De Gagarin a Amstrong hay una delgada línea de éxito, pero también de olvido. En la carrera espacial, los logros de un país suelen borrar la memoria del contrario. Gagarin murió en un accidente de avión que él mismo pilotaba en la primavera de 1968. Un año antes, los tripulantes del Apolo I (el programa americano destinado a llevar al hombre a la Luna), murieron tras explotar la nave en el momento de despegar. Heridas en la carrera espacial. Piedras en el camino y retrasos en la cita del hombre con su satélite. Once proyectos mandó Estados Unidos antes de dar con la tecla del éxito. La misión se llamó Apolo XI y el nombre de sus tripulantes ya resuena en la historia de los viajes a la misma altura que Marco Polo. 

Fue una gesta que no necesitó del tiempo para hacerse heroica. Aún son muchos los que viven y presenciaron, pegados a la televisión en blanco y negro, en un verano caluroso, aquella caminata lunar que desafiaba las leyes de la razón. Neil Amstrong, con 38 años, representaba todo lo que la humanidad había logrado con su esfuerzo e inteligencia. Allí quedará para siempre (nuestra eternidad humana, inconstante) la huella de Aldrin, de 39 años, el segundo tripulante, y la paciencia de Michael Collins, de 38 años, mirando por la escotilla cómo sus compañeros saltaban y extendían la bandera de barras y estrellas. Un viaje que no necesitó cartas y crónicas escritas, que se registró para millones de espectadores en todo el mundo. Ahí estaba el ser humano, llegando al punto más alto de su imaginario. El hombre en la Luna triunfando y en la tierra a punto de destruirse.

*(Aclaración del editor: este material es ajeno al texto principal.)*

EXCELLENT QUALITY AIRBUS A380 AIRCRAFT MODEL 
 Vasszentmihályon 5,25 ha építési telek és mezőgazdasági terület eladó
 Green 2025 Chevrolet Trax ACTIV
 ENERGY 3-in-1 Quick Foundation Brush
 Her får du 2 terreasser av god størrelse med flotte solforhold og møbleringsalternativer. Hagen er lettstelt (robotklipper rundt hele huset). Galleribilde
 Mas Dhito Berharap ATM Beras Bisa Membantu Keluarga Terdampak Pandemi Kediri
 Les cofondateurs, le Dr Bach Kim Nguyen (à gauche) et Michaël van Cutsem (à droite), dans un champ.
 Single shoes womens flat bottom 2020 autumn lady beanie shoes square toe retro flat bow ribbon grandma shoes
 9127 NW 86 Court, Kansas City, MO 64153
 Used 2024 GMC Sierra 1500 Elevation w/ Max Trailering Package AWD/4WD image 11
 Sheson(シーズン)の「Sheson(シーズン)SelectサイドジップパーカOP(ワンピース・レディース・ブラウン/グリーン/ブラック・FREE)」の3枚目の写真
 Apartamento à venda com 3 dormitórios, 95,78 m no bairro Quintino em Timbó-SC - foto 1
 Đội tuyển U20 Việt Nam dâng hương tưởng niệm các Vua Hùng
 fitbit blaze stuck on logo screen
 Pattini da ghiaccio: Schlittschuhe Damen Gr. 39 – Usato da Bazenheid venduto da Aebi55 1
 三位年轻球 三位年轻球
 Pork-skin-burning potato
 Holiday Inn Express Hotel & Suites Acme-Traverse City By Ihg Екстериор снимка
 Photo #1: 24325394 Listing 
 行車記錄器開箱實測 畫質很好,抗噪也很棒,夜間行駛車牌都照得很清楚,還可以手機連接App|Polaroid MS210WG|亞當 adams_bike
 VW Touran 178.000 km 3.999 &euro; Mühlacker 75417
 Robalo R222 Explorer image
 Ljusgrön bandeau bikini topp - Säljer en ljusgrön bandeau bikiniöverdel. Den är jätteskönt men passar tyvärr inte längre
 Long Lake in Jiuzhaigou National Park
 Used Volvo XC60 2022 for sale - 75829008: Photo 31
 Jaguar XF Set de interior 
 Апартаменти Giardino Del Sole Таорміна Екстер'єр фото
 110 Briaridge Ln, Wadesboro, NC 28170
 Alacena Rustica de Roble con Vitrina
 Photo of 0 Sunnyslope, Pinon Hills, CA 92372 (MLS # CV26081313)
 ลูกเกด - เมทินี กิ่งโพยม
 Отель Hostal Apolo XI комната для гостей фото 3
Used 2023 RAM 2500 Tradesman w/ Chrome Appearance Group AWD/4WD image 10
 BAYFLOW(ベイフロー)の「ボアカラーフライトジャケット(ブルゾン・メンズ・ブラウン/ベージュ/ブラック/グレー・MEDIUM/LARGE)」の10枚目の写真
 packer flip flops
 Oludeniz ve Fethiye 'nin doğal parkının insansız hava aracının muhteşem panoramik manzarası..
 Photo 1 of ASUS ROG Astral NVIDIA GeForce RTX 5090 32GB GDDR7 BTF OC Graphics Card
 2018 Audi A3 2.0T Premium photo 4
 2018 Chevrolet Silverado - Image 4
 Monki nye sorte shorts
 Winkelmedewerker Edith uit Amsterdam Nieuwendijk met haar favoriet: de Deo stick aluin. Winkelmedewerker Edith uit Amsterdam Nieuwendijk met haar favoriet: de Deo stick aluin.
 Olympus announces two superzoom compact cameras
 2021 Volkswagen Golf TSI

El viaje del Apolo XI representó la culminación de todos los viajes anteriores. Ese paso que Amstrong dio por el polvo lunar llevaba consigo mucha arena del desierto que siglos antes Ibn Battuta había atravesado, el pelo de los camellos que Marco Polo había quitado a sus ropajes, la sal y la melancolía de los pájaros que Colón, Bartolomé Díaz, Vasco da Gama y Elcano habían saboreado en alta mar, el color fresco de las aguas del Nilo, de Heródoto a Pedro Páez, la selva de Orellana, de Livingstone, el frío polar de Amundsen, de Cook, todos viajeros que llevaron pegados a la piel la necesidad de ir más allá, de contemplar lo recorrido en los ojos de un extraño. Fueron sus viajes llamaradas que impulsaron el Apolo XI. La huella de Aldrin, dicen, aún perdura en la superficie lunar. ¿Acaso no pisaron todos los viajeros que en el mundo han sido esa misma efigie siglos antes?